The Dolphins on Sunday had the same chance the Miami Hurricanes had the day before and failed just as spectacularly. Just as annoyingly. Just as depressingly. Both teams had in their grasp the chance to buoy beleaguered fan bases and sail into their offseasons at least with a modicum of tailwind. Modest optimism was out there, a dying ember waiting to be stoked.

Instead: A 37-24 Dolphins home loss to the hated, stinkin’ New York Jets, one day after UM lost to South Carolina in a minor bowl game sponsored by a company that makes duck calls. The defeats mean the Dolphins end the year with three losses in the last four games and an 8-8 record — a sixth consecutive non-winning season — and the Canes ended with four losses in a row to finish 6-7, a wounded duck of a record if ever there was one.

Two teams favored to win and finish with the consolation of winning records.

Two upset losers slinking into the offseason with tails low as beat dogs.

“We could have gone out there and ended the season the right way,” went the lament of Dolphins guard Mike Pouncey in Sunday’s losing locker room. “We had every opportunity to do it …”

Could have, would have, should have.

Might have, almost did … didn’t.

I can’t say the Dolphins’ season was worse than UM’s, but how it ended sure was.

The Jets were 3-12, so bad that coach Rex Ryan had stated publicly he expected to be fired. Their young quarterback, Geno Smith, was seen as climbing a greased pole not just to keep his starting job but also to keep his faltering NFL career.

So what do the Dolphins do? They turn Ryan into a genius for a day, and make Smith seem the second coming of Joe Montana. Smith had a perfect 158.3 passer rating. That’s turning a doodle into the Mona Lisa.

Miami gave up 396 yards passing including 221 to Eric Decker. Dolphins cornerback Cortland Finnegan was so dreadful, every pass thrown his way was Finnegan’s Rainbow for the Jets.

It was speculated that Miami defensive coordinator Kevin Coyle’s job was in some jeopardy coming into this game. If so, there might as well be a fresh For Sale sign in his yard by today.

Worst of all, perhaps, the Dolphins had a 10-point lead at 24-14 in the third quarter and blew it. Jets fans, who lead the league in noxious, were rendered quiet, until Miami turned them full-throated.

“What’s frustrating is being so close and not closing out the season or games or plays,” defensive end Cameron Wake said. “Like today, it was anybody’s game …”

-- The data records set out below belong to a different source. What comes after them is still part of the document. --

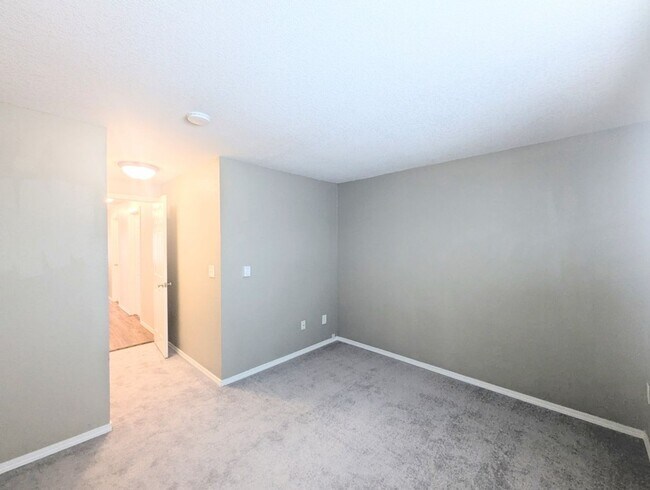 Building Photo - 2Bd/1.25Ba Shoreline Condo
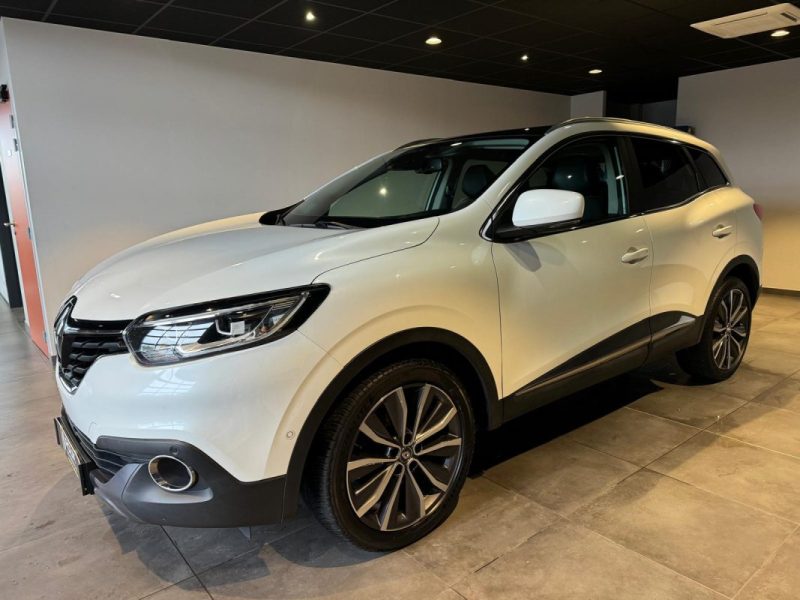 RENAULT KADJAR TCE 130 EDC INTENS / TOIT PANORAMIQUE / ENTRETIEN RENAULT COMPLET  / ATTELAGE / EASY PARK ASSIST / RADAR 360° 2017
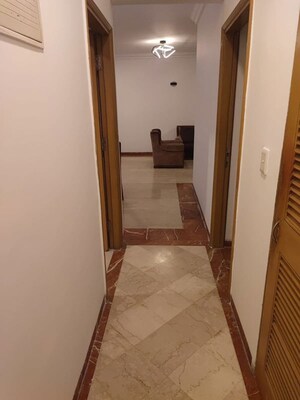 Room in 3 BHK Apartment at Jogeshwari West – for Rent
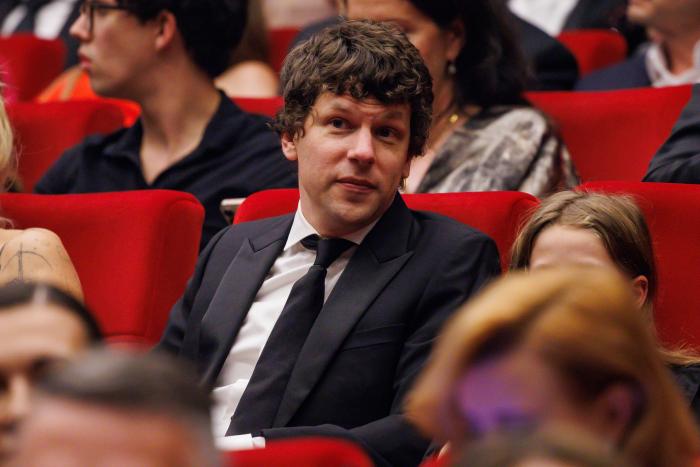 Jesse Eisenberg Says He Is at His ‘Happiest’ in Entertaining Franchise
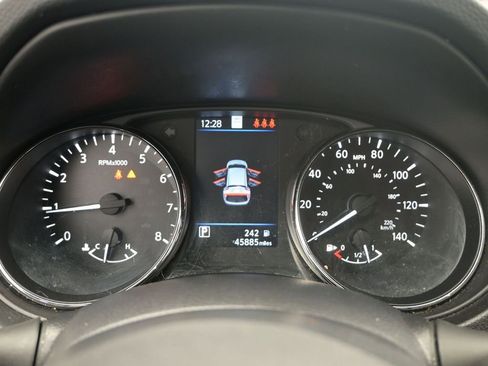 Used 2022 Nissan Rogue Sport SL w/ Premium Package image 17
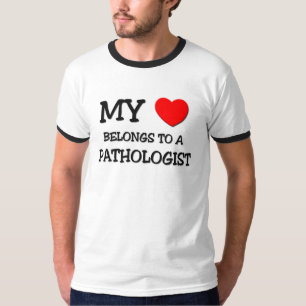 Mein Herz gehört einem PATHOLOGEN T-Shirt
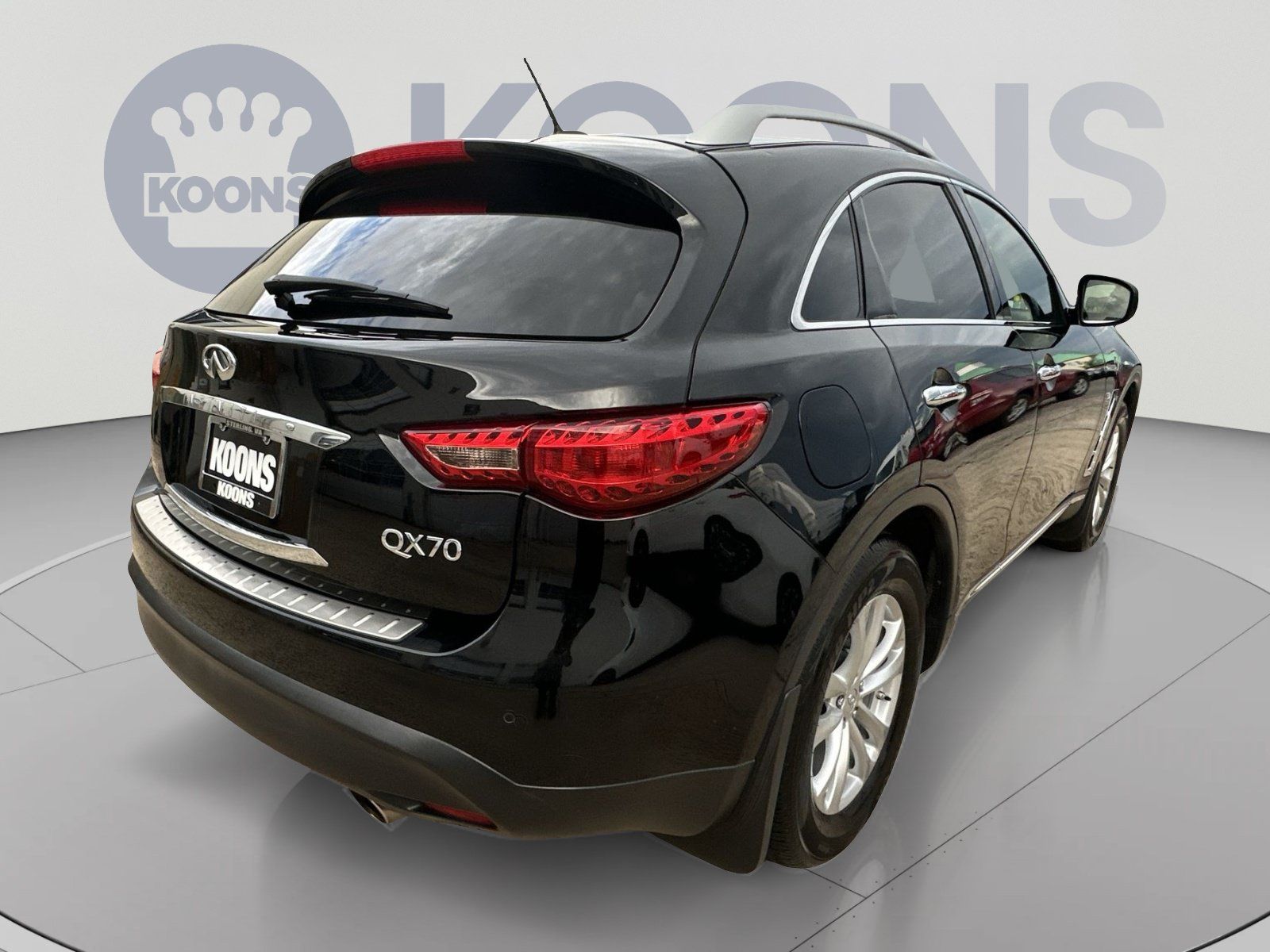 Used 2017 INFINITI QX70 AWD w/ Premium Package image 11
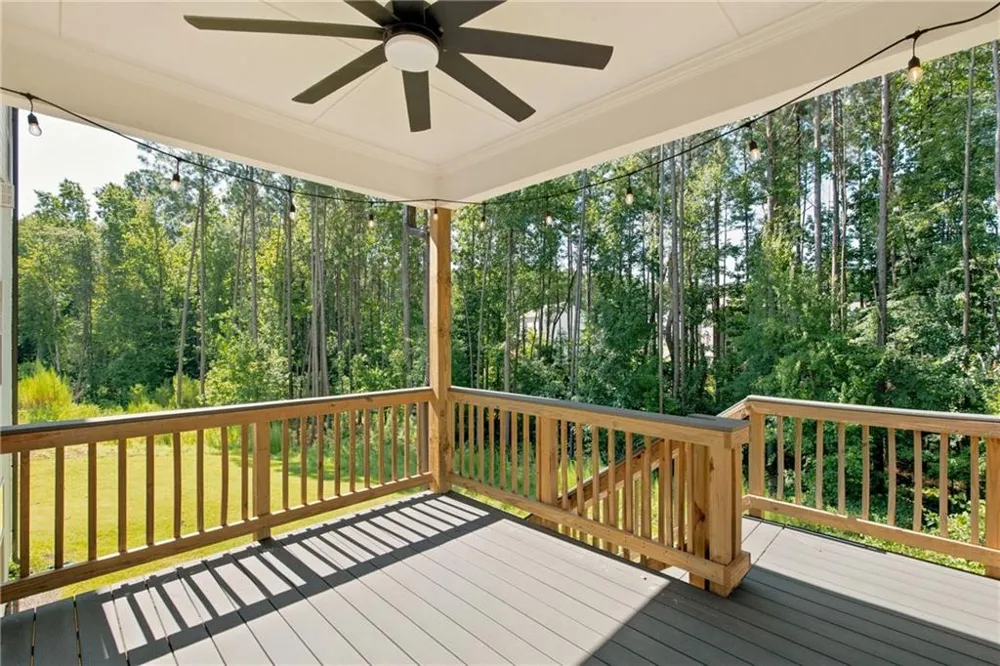 136 Ledgemont Way Acworth, GA 30101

Miami had taken that 10-point lead on a club-record 97-yard run by ex-Cane Lamar Miller. That’s another thing that made Sunday so sad. It should have been a happy story, positive headlines, even with the failure to make the playoffs. Should have been a story about the club’s first winning season since 2008. Or Miller’s record run. Or the fact Ryan Tannehill became the first Dolphins quarterback not named Dan Marino to have a 4,000-yard season.

Instead, the story was a blown lead and an embarrassing loss. Instead, the headlines are about an epically bad pass defense and an offensive line beat up for seven sacks.

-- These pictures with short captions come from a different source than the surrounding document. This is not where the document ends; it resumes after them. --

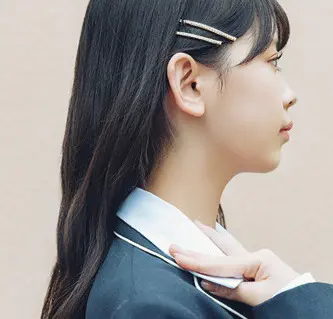 ３　えりを横に倒す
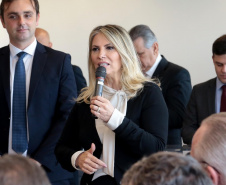 A governadora Cida Borghetti assinou nesta segunda-feira (14), no Palácio Iguaçu, convênios com 34 municípios para autorizar o início dos procedimentos licitatórios para obras de infraestrutura e aquisição de equipamentos. Curitiba,14/05/2018 Foto:Jaelson Lucas / ANPr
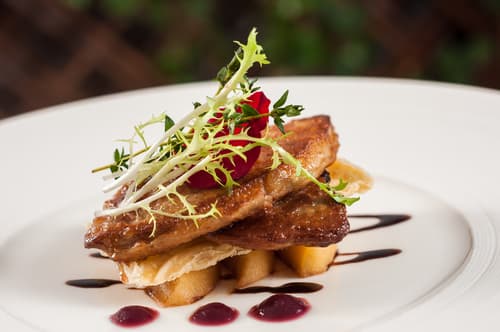 Escalope de foie gras poêlée, chutney de poires aux fruits secs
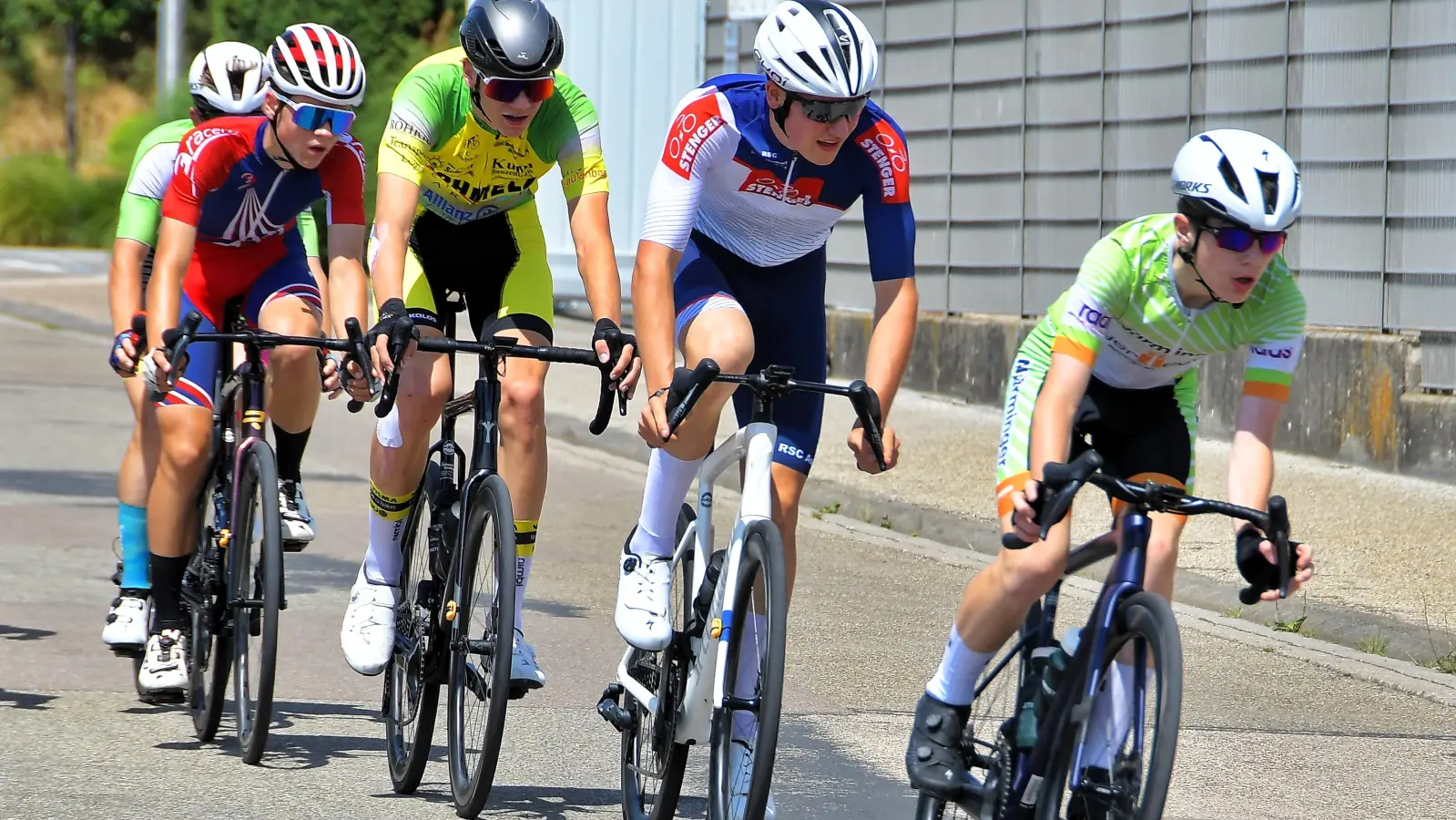 Im U17-Wettbewerb schlägt sich Lokalmatador Anton Löhner (rechts) gut. Am Ende wurde es für ihn Platz acht.  (Foto: Siegfried Hüttlinger)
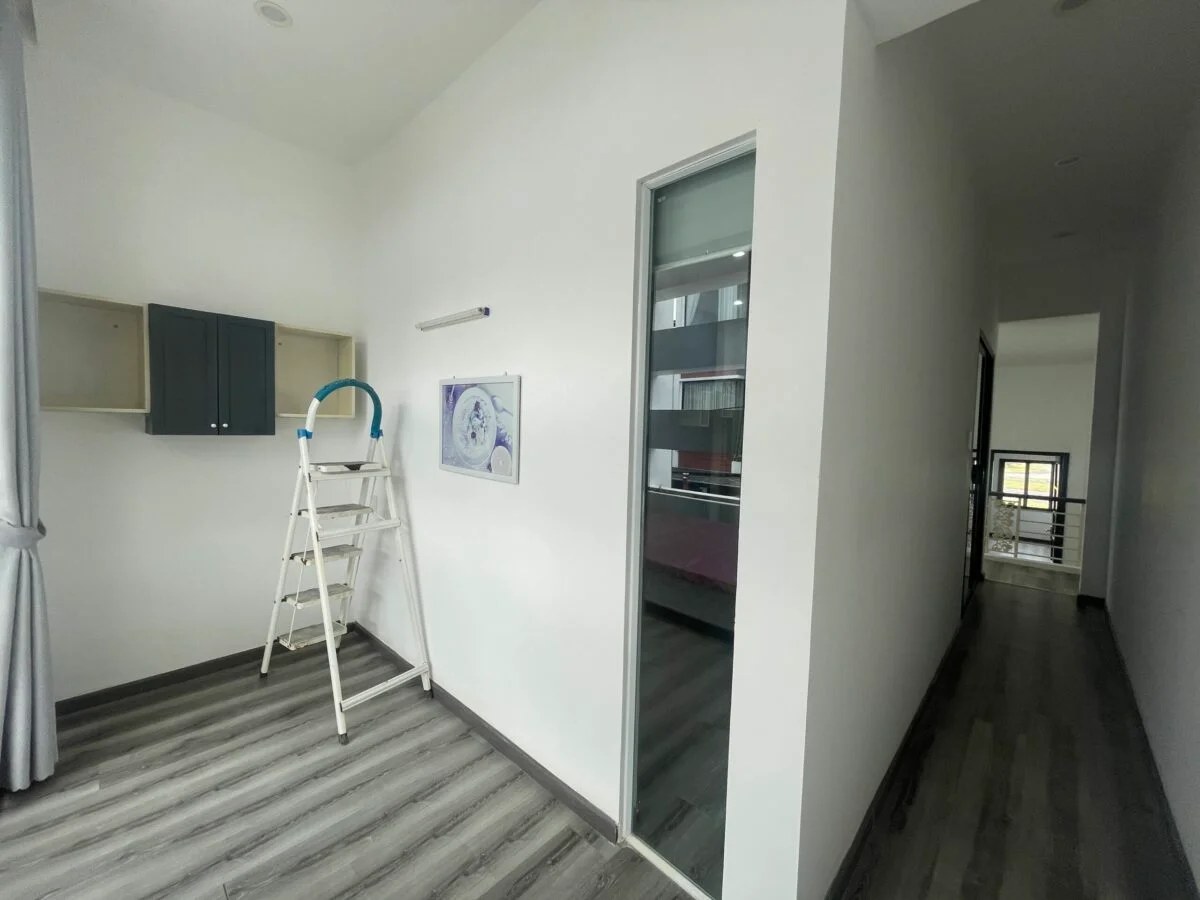 2 Bedroom house for sale in An Thuong area, close to My Khe beach, Da Nang City. This 2-storey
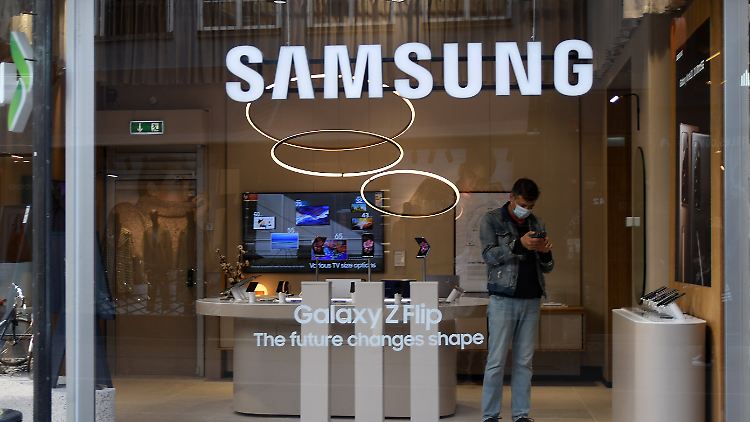Samsung steigt in Deutschland in das boomende Geschäft mit kontaktlosem Bezahlen ein.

Instead, we get the ridiculous postgame locker room tableau of receiver Mike Wallace being interviewed but teammate Brandon Gibson answering for him because Wallace is pouting after a catch-less game.

Wallace was targeted only once in the first half and seen raging against his receivers coach as Tannehill sought to intervene. Wallace was benched for the entire second half.

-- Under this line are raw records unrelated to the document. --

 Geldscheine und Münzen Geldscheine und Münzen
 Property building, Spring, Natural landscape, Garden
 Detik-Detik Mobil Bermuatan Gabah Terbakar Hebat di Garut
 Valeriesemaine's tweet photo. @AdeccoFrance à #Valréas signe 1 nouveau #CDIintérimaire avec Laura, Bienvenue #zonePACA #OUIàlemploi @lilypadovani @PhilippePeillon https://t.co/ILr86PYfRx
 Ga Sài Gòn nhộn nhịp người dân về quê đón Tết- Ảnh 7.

“Coach’s decision,” explained a terse Joe Philbin.

Teammate Jared Odrick described Wallace as “very emotional. Wears his heart on his sleeve. He lets you know what he’s thinking.”

Wallace’s tirade probably doesn’t happen, even in the midst of a zero-catch game, unless the context is a blown-lead home loss to a bad team turning a winning season to 8-8.

Just one week earlier Philbin had been given job security, at least for next season, by club owner Stephen Ross.

I wondered only half-kiddingly if Ross wondered during the second-half collapse if it was too late to change his mind.

Losses like this make you wonder about a lot of things. Such as: How can a supposedly superior team playing at home give up pass plays of 74, 50, 36 and 33 yards to a bad quarterback. And give up an 87-yard kickoff return. And allow a 38-yard completion on a fake punt.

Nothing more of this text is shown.